> Data in this exercise
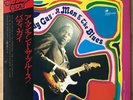 BUDDY GUY A Man & The Blues JAPAN LP W/OBI VANGUARD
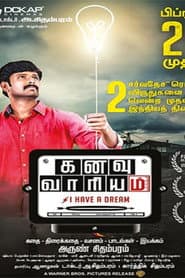 கனவு வாரியம்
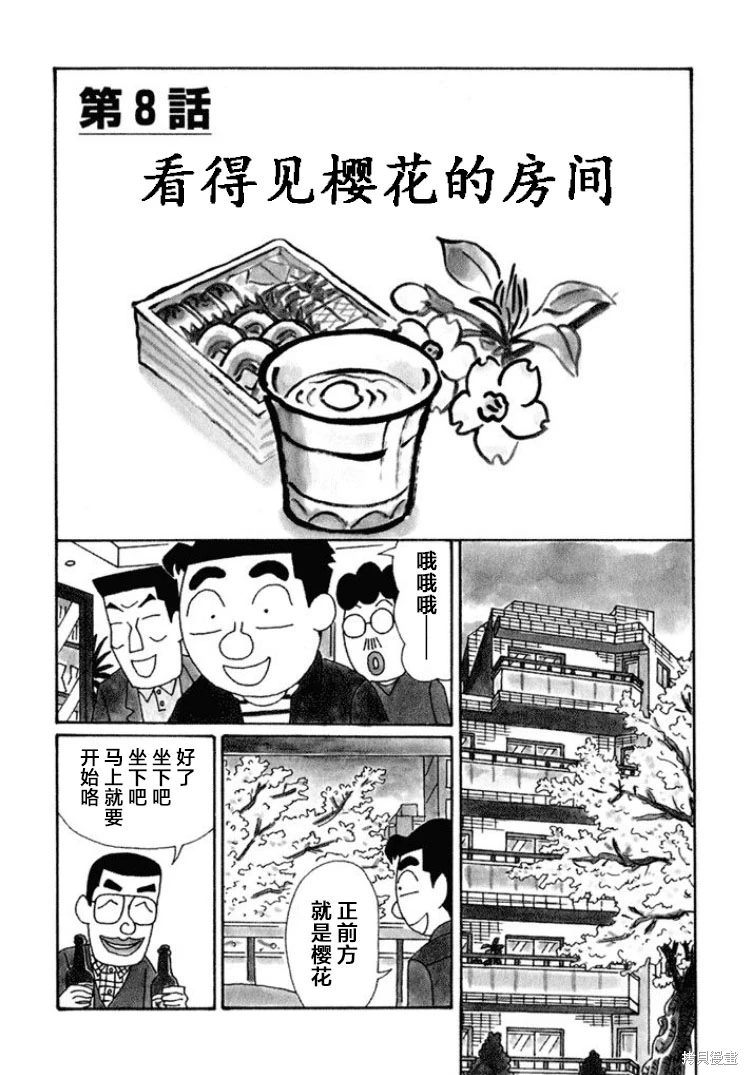 酒之仄徑: 587話 - 第1页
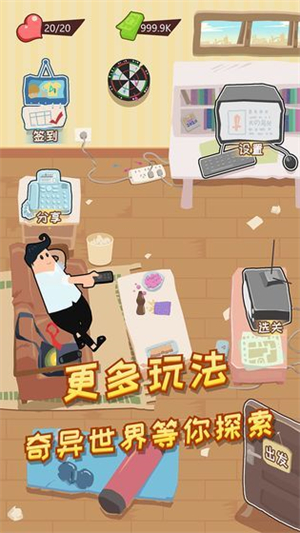 社畜大逃亡无广告版图1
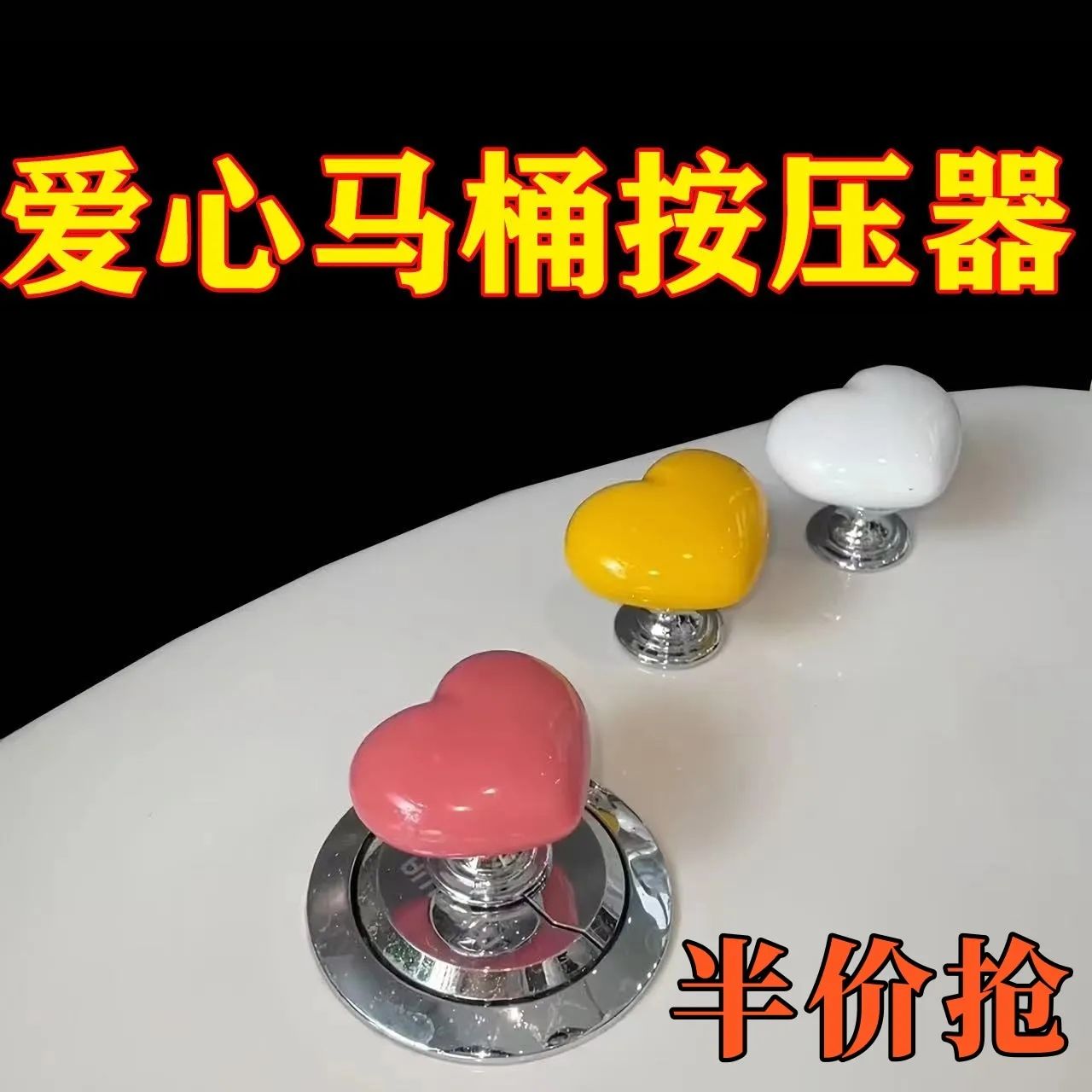 创意彩色心形马桶按压器爱心按钮卫生间水箱装饰实用时尚辅助品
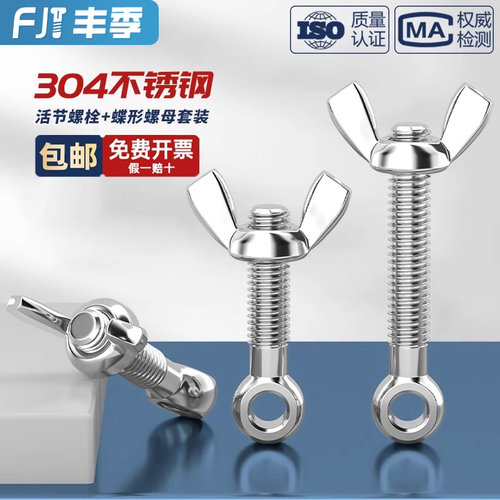 【全网热卖】活节+蝶形螺母套装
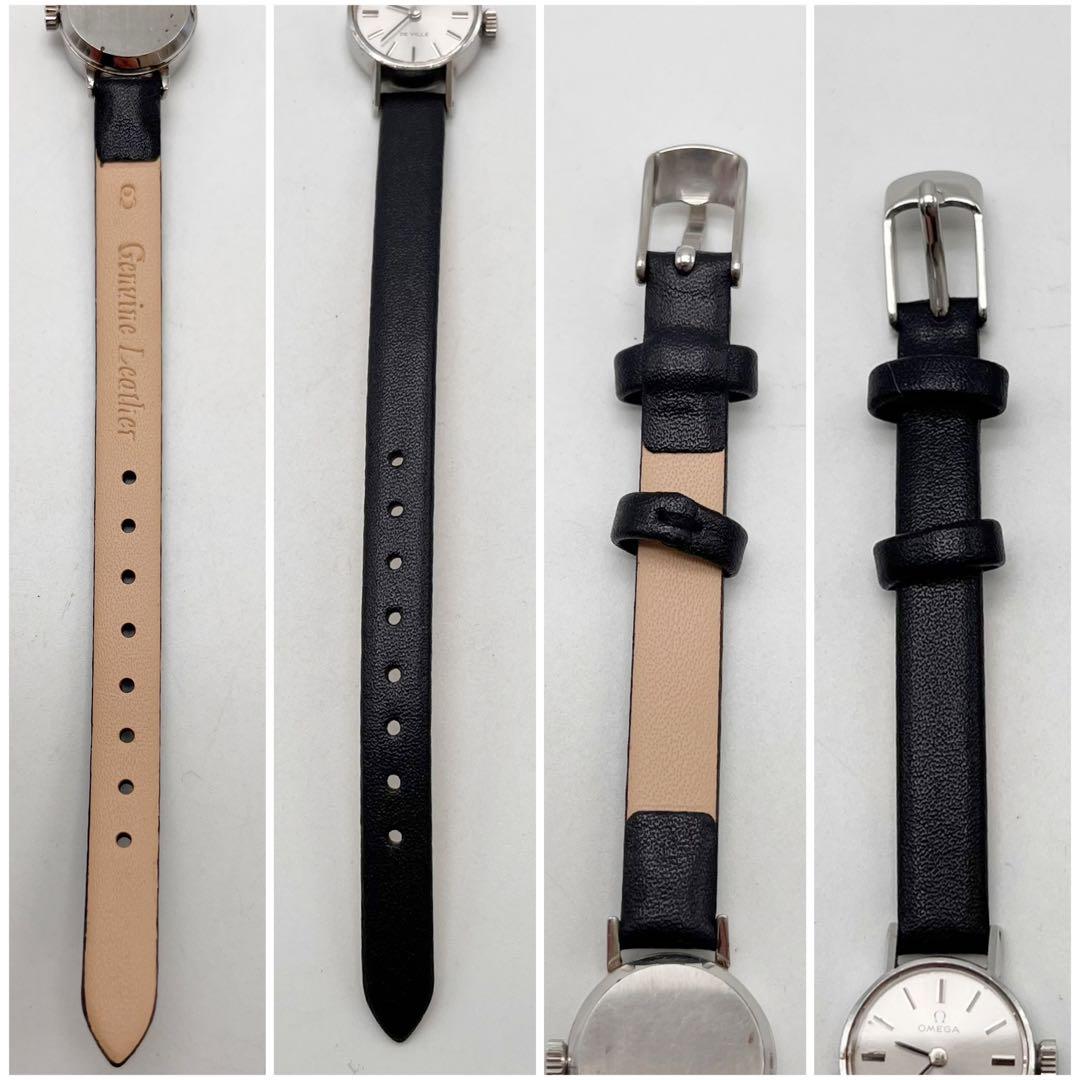 Omega Hand-Wound Watches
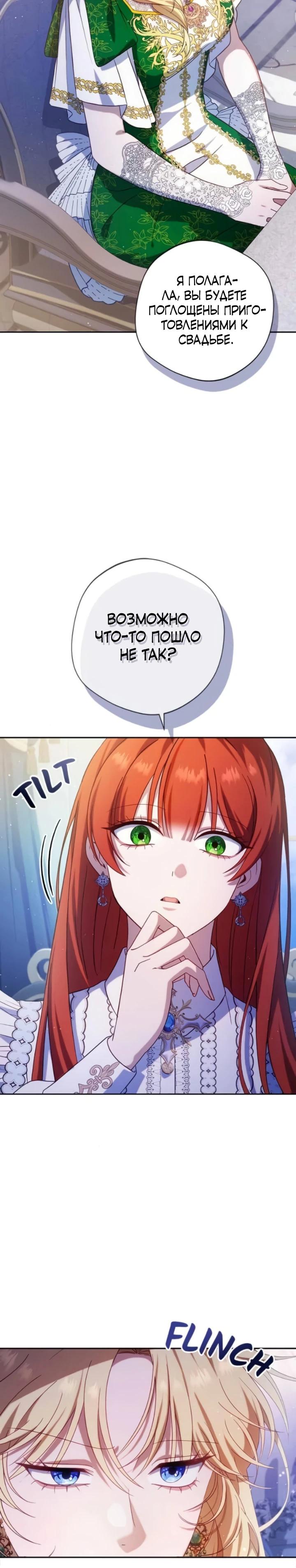 Манга Я злодейка, но изменю свою концовку - Глава 45 Страница 15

> Required work
Your task is to set down exactly the lines that run from the line holding "酒之仄徑: 587話 - 第1页" through the close of the entries, including both ends. Pictures stay out.

> Solution to this exercise
 酒之仄徑: 587話 - 第1页
 社畜大逃亡无广告版图1
 创意彩色心形马桶按压器爱心按钮卫生间水箱装饰实用时尚辅助品
 【全网热卖】活节+蝶形螺母套装
 Omega Hand-Wound Watches
 Манга Я злодейка, но изменю свою концовку - Глава 45 Страница 15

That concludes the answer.